This is a great idea. Job shadowing can help you learn more about a particular career and decide if it’s right for you before you invest so much time and money in your education. Of course, you want to be sure to be prepared with some questions you can ask them so that you’re sure to get the most out of the experience. 

 

The following are just some of the questions you might want to ask your job shadow subject.

 

What do you like about your job?

This is a good one to start with. Ideally you want someone who really loves their job. That way you can see if you share the same passion.

 

What don’t you like about it?

No one likes every aspect of their job. This question can help you determine if you can live with the negatives of the position or if you really should consider another line of work.

 

Can you describe a typical day at work?

It’s always good to know what a typical day is like, from start to finish. Of course, not every day will be the same, but this will give you a general idea of the day-to-day details of the job and if it’s something you can see yourself doing over a long period of time.

 

What’s the hardest part about your job?

This may be the most important question you ask. Before you choose any career, you need to what’s hard about it and whether or not it’s something you’ll be able handle. 

 

What’s the biggest challenge you’ve faced at work?

Here you’re asking for a specific instance when the person was tested or pushed to his or her limit. You may or may not have a similar experience if you choose to pursue this career, but you should still know what types of challenges you might face if you do.

 

What are the advancement/growth opportunities?

When you’re planning your career, you don’t want to pick a line of work that will remain stagnant and lose your interest; you want to be sure your chosen vocation is one that will allow you to evolve over time. Find out what, if any, opportunities exist that will allow you to continually grow as a person and build a fulfilling career.

 

Is there anything you wish you would’ve done to better prepare yourself?

This question can help you to avoid regret years down the road.

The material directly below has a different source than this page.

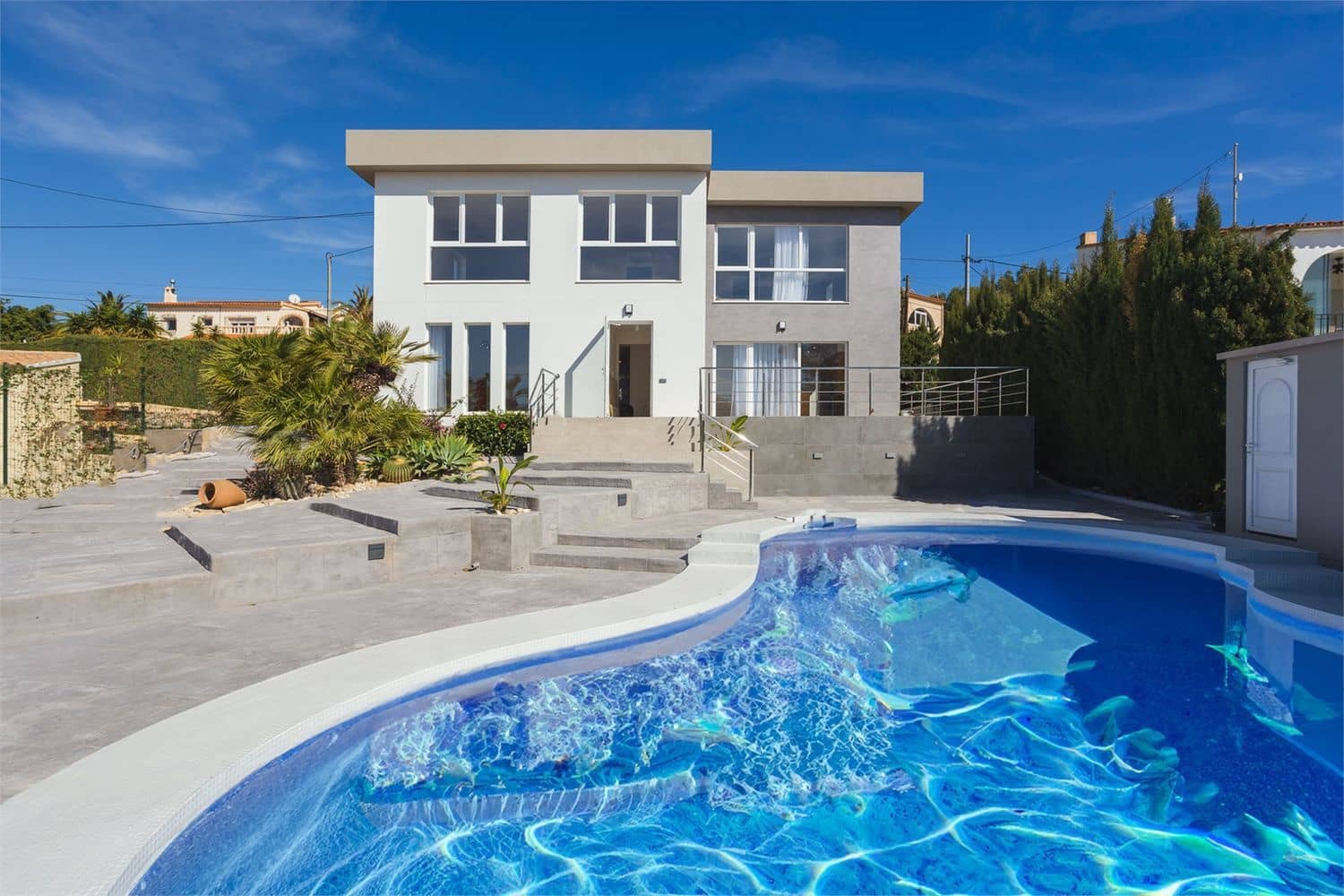 Villa till salu i Calpe / Calp - 1 090 000 € (Ref: 10073235)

Right now you’ve got so many resources around you to help you prepare properly for your career. Utilize this question to make sure you're taking advantage of everything at your disposal. 

 

What skills are the most important in your job?

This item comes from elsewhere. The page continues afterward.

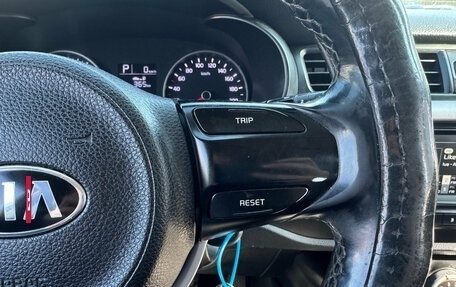 KIA Rio IV, 2018 год, 949 000 рублей, 17 фотография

A lot of times you really don’t know what skills are the most important in your chosen career until you’re working in the field. Find out what these skills are now so that you can focus more time studying and mastering them while you’re still in school. 

 

What’s something that most people don’t know about this career?

No matter how much education you get on a particular career, there are just some things you won’t find out until you’re on the job. Learn as much as you can about the unknowns of your chosen career path now, so that you can be prepared for them when the time comes. 

 

If you could do it all over, would you choose this career again?

Look, it’s not easy choosing a career. Sometimes you think you know what you want to do with your life, but then after a few years you realize it’s just not the right fit for you. Ask the person to be honest with you about how they really feel about their job. Depending on what they say, it could either change your mind about the career path or give you the encouragement you need to pursue it after all.